How to have a good rheumatology appointment

How to have a good rheumatology appointment

Guest blogger: Stefanie Remson
4 minute read

It can be a source of anxiety, worry, tension, and stress: how do I prepare for a rheumatology appointment?

Here are some tips to help you have the best possible experience.


Map directions before you go 

Do you remember the good old days of MapQuest? And printing the driving directions before you leave?

What about a traditional, old-school paper map?

With everyone relying on technology and smartphones these days, it’s easy to forget the time-consuming effort that finding directions used to be.

I still always recommend mapping your route before you go.

There is nothing worse than having to re-route due to an accident, construction, or needing to make an un-planned stop along the way. 

Whether your drive is 10 minutes or 4 hours to your rheumatology appointment, a little planning in your route goes a long way and eases a lot of anxiety!


Know your insurance benefits

Before you go, call your insurance.

Obtain clear information on your co-pays, co-insurance, prescription coverage, and your deductibles. 

Eliminating the worry of the cost of the visit helps you to focus on what’s really important – you and your health!

I always recommend going an extra step – ask for your prescription formulary.

This way, you know exactly what prescriptions are covered, what cost, and if they require a prior authorization (additional paperwork.)


Bring a friend or family member with you

In these COVID times, many places are not allowing additional people in appointments. 

Despite this new way of life, there are many ways to stay connected!

Zoom, FaceTime, or even a simple phone call can help to have another set of eyes and ears present for you to help remember the details of what occurred. 



Keep a journal. Write down everything that you feel each day.

This includes pain, stiffness, and sleep. You can also include medications you have taken, including over-the-counter and as needed prescriptions. 

Also, jot down if you missed any events, activities, or work due to your arthritis.

Offering this journal at your appointment can help your rheumatologist treat you better. 


Know your goals

Everyone’s goals are different. You should expect to communicate these clearly to your rheumatologist and all medical providers at each appointment. 

They are medical professionals, not mind-readers!

Examples of goals that may be important to communicate include:

  1. Planning to conceive or trying to conceive

  2. Options for treating disease with fewer traditional medications

  3. Running a marathon or other fitness goals

  4. Holding a toothbrush or other day to day limitations

  5. Walking without a cane at my daughter’s wedding or other big events

  6. Working 35-40 hours a week

  7. Pursuing a career of dance or other physical pursuits

  8. Becoming a physical therapist or other medical careers

  9. Changing my child’s diaper or other family caring activities


Take notes during your rheumatology appointment 

Paper and pen or electronic – take your pick!

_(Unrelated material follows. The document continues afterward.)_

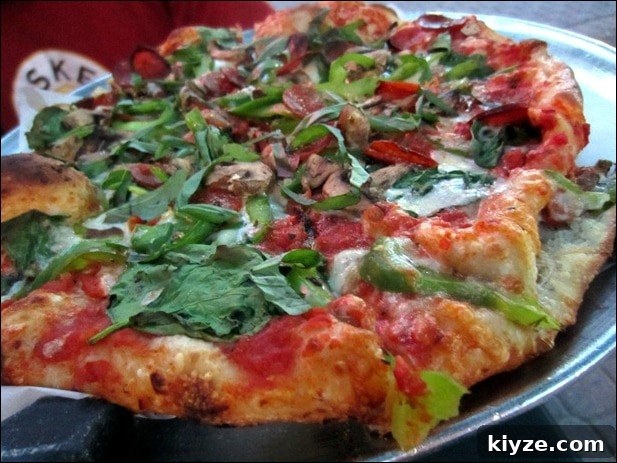 Faccia Luna pizza Shared pizza with toppings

Just write it down.

There is nothing worse than leaving your appointment and not remembering anything that was discussed. 

Be sure to ask for spellings of medications, dates and time estimates for treatments, and what the next step is anticipated to be.

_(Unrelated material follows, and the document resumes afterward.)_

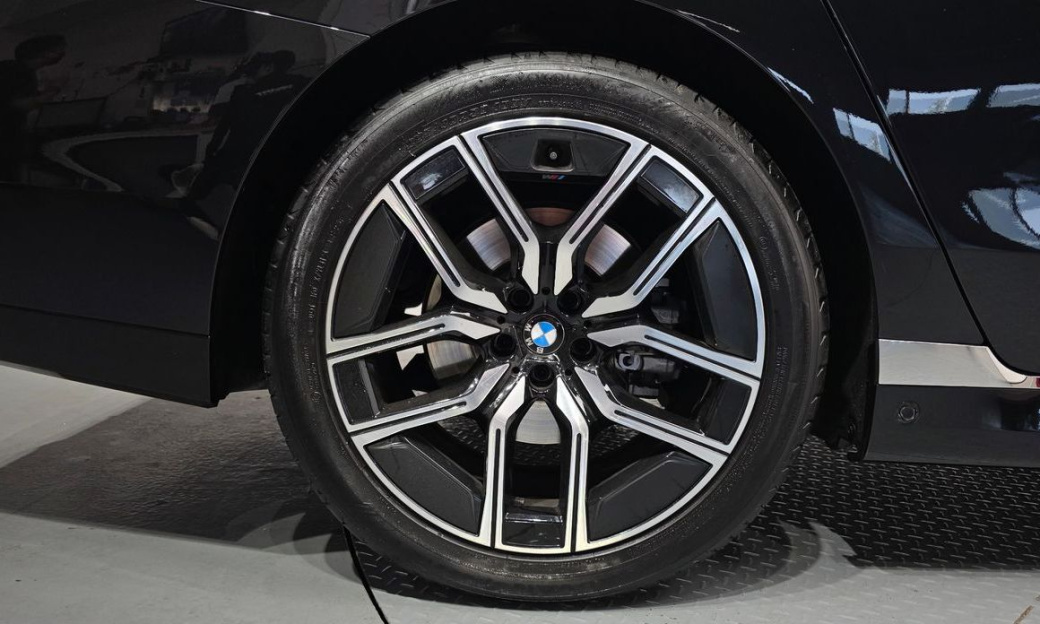 BMW 7-Series 740d xDrive M Sport, 2025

My personal tip – bring a 12-month calendar with you for a quick reference to dates, days of the week, school holidays, bank holidays, and insurance re-set or change dates. 


Bring questions and answers with you

It’s no surprise that this appointment is all about you.

Be prepared to answer questions about you, your pain, your lifestyle, and your relationships. 

Also, if you have questions about your treatment plan, this is the time to ask!